Return the lines below that contain the word "Online".

━━━━━ DATA IN THIS EXERCISE

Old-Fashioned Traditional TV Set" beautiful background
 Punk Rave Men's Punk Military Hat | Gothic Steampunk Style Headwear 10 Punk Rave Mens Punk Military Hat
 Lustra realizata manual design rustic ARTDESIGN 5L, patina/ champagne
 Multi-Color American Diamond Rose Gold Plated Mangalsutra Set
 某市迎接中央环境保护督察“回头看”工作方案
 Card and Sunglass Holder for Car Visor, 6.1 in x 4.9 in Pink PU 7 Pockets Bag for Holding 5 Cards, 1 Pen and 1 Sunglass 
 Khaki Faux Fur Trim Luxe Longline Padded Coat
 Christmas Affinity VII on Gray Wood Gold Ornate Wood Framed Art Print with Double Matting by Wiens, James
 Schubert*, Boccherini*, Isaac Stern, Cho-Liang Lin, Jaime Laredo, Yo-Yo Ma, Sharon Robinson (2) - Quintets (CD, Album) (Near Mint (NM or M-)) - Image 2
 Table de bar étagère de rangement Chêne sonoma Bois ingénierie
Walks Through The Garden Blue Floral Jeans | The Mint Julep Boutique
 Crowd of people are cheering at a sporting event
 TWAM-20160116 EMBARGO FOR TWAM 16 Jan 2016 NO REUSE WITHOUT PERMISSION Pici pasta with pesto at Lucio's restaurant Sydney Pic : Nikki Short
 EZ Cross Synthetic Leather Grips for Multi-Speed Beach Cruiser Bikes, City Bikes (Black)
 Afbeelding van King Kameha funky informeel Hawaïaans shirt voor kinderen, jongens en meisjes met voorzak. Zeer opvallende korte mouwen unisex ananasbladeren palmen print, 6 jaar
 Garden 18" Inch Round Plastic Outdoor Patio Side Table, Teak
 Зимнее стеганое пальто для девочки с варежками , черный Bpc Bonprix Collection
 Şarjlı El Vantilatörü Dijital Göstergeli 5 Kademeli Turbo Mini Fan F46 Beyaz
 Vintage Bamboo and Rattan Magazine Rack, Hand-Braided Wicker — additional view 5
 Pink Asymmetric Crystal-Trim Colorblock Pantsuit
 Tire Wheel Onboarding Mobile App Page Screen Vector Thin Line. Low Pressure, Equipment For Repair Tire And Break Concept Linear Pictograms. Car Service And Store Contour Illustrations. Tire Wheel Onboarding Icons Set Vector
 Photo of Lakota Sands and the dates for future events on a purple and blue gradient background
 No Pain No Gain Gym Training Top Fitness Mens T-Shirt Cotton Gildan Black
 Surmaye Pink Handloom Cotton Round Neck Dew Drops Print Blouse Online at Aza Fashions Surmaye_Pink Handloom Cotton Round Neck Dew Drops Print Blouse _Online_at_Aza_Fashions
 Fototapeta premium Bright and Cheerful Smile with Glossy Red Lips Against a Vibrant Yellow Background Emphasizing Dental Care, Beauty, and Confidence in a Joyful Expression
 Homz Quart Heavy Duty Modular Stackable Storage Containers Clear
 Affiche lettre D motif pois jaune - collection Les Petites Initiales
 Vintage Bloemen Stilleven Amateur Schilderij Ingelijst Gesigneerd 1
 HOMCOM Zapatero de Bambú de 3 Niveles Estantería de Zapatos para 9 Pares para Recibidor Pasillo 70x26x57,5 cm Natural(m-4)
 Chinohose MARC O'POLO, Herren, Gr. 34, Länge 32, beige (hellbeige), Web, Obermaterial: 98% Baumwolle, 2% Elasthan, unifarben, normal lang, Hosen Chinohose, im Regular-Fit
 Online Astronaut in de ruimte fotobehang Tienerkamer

━━━━━━━━━━

### [EXPECTED ANSWER]
 Surmaye Pink Handloom Cotton Round Neck Dew Drops Print Blouse Online at Aza Fashions Surmaye_Pink Handloom Cotton Round Neck Dew Drops Print Blouse _Online_at_Aza_Fashions
 Online Astronaut in de ruimte fotobehang Tienerkamer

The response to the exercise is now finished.